Looking back on the timeline, the market changed course sharply from its downfall around the time the fiscal rescue package was done. The bill was approved in the Senate on March 25, but word about its magnitude and substance had been spreading.

Yahoo Finance source chart

Now that the market has had some time to digest the package and its economics, and factoring in portfolio maneuvers on the before and after side of quarter-end March 31, we’re roughly 15% ahead of the pre-bill low.

On its face, the $2.2 trillion package seems to have been fashioned as an exact stopgap of 10% on a $22 trillion GDP economy. Whether the order of magnitude is correct, sufficient, insufficient, headed for another round, is a subject of continuing discussion…

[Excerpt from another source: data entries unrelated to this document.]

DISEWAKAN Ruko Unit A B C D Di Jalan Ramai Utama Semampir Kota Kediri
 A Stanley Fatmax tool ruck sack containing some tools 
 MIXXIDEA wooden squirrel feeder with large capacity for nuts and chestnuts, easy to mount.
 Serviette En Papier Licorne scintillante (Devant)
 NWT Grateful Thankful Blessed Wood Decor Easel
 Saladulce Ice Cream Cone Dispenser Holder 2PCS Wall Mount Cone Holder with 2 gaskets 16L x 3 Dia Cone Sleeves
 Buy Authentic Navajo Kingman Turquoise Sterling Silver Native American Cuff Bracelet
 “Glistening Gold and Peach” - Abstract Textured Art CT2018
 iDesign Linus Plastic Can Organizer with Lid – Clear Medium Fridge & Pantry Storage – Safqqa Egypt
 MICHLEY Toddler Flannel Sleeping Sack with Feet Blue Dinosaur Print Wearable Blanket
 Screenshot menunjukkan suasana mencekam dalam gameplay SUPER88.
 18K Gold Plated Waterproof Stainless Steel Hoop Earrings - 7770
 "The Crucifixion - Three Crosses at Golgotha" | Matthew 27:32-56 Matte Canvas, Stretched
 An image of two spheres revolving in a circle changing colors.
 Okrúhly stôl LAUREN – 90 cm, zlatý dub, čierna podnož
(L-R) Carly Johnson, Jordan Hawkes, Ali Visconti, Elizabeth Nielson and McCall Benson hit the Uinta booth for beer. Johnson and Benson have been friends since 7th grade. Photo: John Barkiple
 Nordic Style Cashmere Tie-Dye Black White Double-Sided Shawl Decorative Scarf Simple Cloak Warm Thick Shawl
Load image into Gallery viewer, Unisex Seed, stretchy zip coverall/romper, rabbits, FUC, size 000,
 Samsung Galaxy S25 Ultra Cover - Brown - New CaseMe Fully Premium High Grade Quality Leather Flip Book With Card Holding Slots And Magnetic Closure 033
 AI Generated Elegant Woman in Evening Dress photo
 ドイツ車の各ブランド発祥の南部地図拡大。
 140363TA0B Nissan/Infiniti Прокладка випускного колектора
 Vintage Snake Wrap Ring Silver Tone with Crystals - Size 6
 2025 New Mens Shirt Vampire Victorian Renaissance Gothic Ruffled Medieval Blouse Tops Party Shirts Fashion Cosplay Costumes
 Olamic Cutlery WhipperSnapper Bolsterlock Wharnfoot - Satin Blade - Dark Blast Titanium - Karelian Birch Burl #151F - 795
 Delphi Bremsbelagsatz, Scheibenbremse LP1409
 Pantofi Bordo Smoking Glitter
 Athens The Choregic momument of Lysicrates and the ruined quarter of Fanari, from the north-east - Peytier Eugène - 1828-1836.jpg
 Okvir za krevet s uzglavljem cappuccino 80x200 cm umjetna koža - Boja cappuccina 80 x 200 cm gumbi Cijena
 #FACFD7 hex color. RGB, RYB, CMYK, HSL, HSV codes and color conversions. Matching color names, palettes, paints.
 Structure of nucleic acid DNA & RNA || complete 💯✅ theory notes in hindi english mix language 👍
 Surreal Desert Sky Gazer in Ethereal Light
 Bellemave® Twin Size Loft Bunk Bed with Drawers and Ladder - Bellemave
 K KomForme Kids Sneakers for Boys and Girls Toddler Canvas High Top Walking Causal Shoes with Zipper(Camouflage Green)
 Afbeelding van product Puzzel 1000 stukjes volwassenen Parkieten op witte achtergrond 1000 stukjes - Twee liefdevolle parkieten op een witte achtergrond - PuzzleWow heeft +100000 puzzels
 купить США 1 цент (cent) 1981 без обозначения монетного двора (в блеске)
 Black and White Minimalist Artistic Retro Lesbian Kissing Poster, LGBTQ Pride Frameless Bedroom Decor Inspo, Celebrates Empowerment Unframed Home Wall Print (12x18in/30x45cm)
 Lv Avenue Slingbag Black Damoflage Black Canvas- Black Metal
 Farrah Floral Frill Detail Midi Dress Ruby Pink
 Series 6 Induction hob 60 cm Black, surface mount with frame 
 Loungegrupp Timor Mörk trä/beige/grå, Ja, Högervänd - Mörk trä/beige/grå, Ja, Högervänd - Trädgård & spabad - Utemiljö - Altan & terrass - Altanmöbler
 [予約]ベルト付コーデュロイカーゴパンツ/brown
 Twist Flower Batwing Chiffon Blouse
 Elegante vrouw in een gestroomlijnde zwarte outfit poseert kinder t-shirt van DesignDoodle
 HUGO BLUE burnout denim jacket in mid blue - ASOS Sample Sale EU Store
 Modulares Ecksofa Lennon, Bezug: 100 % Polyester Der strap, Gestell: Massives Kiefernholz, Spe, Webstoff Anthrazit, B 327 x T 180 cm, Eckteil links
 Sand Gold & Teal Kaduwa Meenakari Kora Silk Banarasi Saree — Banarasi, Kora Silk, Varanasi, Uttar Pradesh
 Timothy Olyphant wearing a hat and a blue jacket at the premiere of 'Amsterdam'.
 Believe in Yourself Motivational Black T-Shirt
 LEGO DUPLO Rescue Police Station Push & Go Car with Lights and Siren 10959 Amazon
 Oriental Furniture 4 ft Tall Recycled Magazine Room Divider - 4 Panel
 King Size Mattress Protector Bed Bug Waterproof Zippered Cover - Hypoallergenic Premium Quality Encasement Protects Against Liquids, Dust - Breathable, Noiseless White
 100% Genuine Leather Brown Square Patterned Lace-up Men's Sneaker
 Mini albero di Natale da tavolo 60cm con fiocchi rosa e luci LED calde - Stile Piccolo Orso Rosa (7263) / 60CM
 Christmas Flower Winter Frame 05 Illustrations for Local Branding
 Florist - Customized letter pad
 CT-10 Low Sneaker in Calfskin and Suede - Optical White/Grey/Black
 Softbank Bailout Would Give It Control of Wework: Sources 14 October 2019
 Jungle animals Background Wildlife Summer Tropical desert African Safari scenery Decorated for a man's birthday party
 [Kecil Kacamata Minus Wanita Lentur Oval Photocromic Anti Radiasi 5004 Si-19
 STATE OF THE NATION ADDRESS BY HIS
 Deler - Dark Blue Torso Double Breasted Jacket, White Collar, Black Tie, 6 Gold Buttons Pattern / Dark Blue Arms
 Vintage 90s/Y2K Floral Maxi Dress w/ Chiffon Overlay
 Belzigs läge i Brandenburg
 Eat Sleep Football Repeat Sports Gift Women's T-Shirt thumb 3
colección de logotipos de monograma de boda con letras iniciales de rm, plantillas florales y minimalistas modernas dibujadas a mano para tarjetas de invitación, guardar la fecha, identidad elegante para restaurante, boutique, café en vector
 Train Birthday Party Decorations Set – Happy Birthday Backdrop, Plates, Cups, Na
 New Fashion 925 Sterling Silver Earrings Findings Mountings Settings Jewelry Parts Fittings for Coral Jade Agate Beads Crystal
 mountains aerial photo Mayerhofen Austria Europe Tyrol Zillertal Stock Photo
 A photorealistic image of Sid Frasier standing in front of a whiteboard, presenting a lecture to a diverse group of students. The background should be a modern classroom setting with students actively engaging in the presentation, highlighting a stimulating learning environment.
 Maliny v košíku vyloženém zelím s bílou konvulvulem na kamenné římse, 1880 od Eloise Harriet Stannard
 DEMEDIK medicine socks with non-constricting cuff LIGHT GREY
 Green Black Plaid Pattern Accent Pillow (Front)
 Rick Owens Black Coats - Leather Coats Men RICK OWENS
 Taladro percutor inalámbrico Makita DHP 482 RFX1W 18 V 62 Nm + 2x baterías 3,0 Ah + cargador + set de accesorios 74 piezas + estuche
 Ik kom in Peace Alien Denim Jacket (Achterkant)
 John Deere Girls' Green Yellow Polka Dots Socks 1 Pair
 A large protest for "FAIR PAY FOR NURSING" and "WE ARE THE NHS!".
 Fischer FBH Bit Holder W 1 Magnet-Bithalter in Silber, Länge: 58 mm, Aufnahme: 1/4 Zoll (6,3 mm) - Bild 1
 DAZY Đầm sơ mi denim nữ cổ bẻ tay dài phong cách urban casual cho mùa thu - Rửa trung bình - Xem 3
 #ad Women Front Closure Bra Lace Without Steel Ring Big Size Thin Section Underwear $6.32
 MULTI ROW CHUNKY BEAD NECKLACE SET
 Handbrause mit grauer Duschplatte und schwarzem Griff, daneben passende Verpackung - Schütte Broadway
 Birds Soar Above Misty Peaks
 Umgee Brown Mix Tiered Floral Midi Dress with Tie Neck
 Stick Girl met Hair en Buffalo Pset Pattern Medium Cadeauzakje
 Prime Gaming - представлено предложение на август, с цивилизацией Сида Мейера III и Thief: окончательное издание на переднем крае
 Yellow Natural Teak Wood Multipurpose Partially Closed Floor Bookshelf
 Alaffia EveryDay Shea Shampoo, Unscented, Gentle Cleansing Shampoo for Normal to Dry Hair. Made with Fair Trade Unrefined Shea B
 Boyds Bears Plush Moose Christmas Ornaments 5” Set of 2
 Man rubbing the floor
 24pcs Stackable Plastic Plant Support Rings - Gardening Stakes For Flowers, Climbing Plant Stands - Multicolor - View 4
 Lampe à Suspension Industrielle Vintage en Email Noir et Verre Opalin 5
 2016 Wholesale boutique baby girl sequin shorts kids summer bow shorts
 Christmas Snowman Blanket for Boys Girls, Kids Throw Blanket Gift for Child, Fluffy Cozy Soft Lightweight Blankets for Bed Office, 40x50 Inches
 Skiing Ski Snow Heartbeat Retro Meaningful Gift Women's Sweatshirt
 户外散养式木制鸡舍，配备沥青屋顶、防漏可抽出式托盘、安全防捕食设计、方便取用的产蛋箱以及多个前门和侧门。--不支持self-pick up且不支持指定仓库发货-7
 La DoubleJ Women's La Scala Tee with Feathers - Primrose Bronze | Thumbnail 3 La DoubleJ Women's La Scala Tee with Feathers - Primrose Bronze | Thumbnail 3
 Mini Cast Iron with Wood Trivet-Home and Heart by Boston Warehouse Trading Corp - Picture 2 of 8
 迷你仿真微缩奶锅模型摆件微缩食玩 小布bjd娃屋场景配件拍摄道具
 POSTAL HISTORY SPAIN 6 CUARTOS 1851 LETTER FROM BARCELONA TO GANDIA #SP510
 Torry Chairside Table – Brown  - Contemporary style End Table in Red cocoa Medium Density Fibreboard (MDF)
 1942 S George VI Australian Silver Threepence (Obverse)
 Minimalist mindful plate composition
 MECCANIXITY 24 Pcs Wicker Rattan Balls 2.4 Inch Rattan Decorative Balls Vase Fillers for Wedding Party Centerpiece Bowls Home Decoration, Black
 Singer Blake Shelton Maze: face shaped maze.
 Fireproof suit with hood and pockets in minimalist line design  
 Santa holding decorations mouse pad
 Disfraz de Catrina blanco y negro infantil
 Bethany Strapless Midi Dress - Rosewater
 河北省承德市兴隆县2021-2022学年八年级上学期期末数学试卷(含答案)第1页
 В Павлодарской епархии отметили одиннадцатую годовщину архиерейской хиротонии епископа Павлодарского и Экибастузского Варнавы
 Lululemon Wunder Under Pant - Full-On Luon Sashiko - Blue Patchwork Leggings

Magnitude is relative – March 25

… and it looks as though another round is being considered, which probably is not yet priced in.

These are all questions and responses based on magnitude, with the implied understanding that the dollar amount will be a GDP refill, bridging the economy at least somewhat to the other side of the disruption.

Listening in on several expert calls these past few days, to discuss the bells and whistles, consequences and conditions, procedural dynamics, federal and state authority, degrees of benefit and assorted options that require further consideration by all businesses, small and large, based on incomplete knowledge, before even getting to the point of action… a point at which the funds flow will not be immediate, but will still need to pass through bureaucratic protocols that are themselves less than prepared for orderly movements…

Learning about the details of these matters in the enterprise, which don’t seem to be dissimilar at the individual level…


I wonder if aspects of efficiency and speed of rescue have still to be priced in. (As I’m writing this post, stock futures are jumping.)